I have a vector containing acceleration measurements and the corresponding vector of times in which measurements are taken.
To obtain velocity and displacement I used the cumtrapz() function already implemented in MATLAB. This should be fine, as I read here Numerical integration of non-uniform acceleration samples and here https://stackoverflow.com/questions/9881430/numerical-integration-using-simpsons-rule-on-discrete-data.
My doubts are related to the disturbances introduced by the integration algorithm as I found in a book a chapter in which the author says that the trapezium rule introduces low-frequency disturbances.
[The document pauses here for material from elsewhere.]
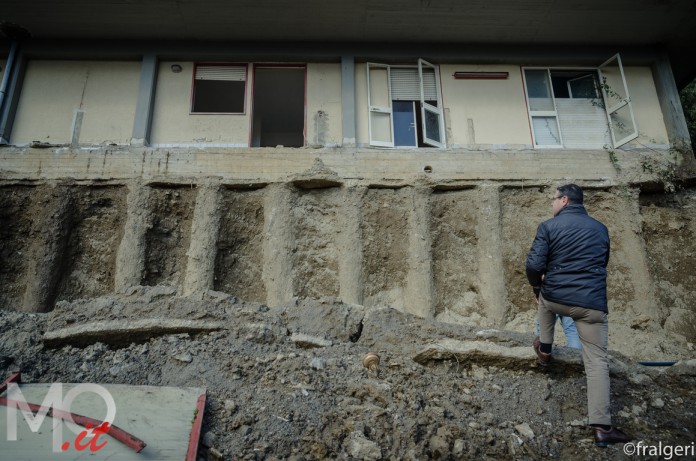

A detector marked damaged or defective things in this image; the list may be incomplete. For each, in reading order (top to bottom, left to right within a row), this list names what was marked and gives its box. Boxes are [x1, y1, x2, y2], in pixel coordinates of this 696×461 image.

I tried to remove these disturbances and unwanted 0-frequency components (the acceleration was not 0-mean therefore I had a linear trend in the velocity) applying a 2nd order, highpass, butterworht filter with cut-off frequency at 5 Hz (in both directions to null the phase shift) to the velocity and the displacement but I don't know if this is enough or too much because I need very accurate values for velocity and displacement since I have to use them to plot a surface in the state-space (EDIT: phase-space).
How can I choose the correct cut-off frequency in order not to loose any important information knowing that the experimental structure is excited in a range of frequencies from 5 to 100 Hz?
EDIT Since I have to integrate noisy data, is it advisable to use an higher order method if my goal is accuracy?
thought: You might compute the energy (integration of power over time) as a function of cutoff frequency, and select frequency so that you are removing only a small percentage of the total energy put into the system.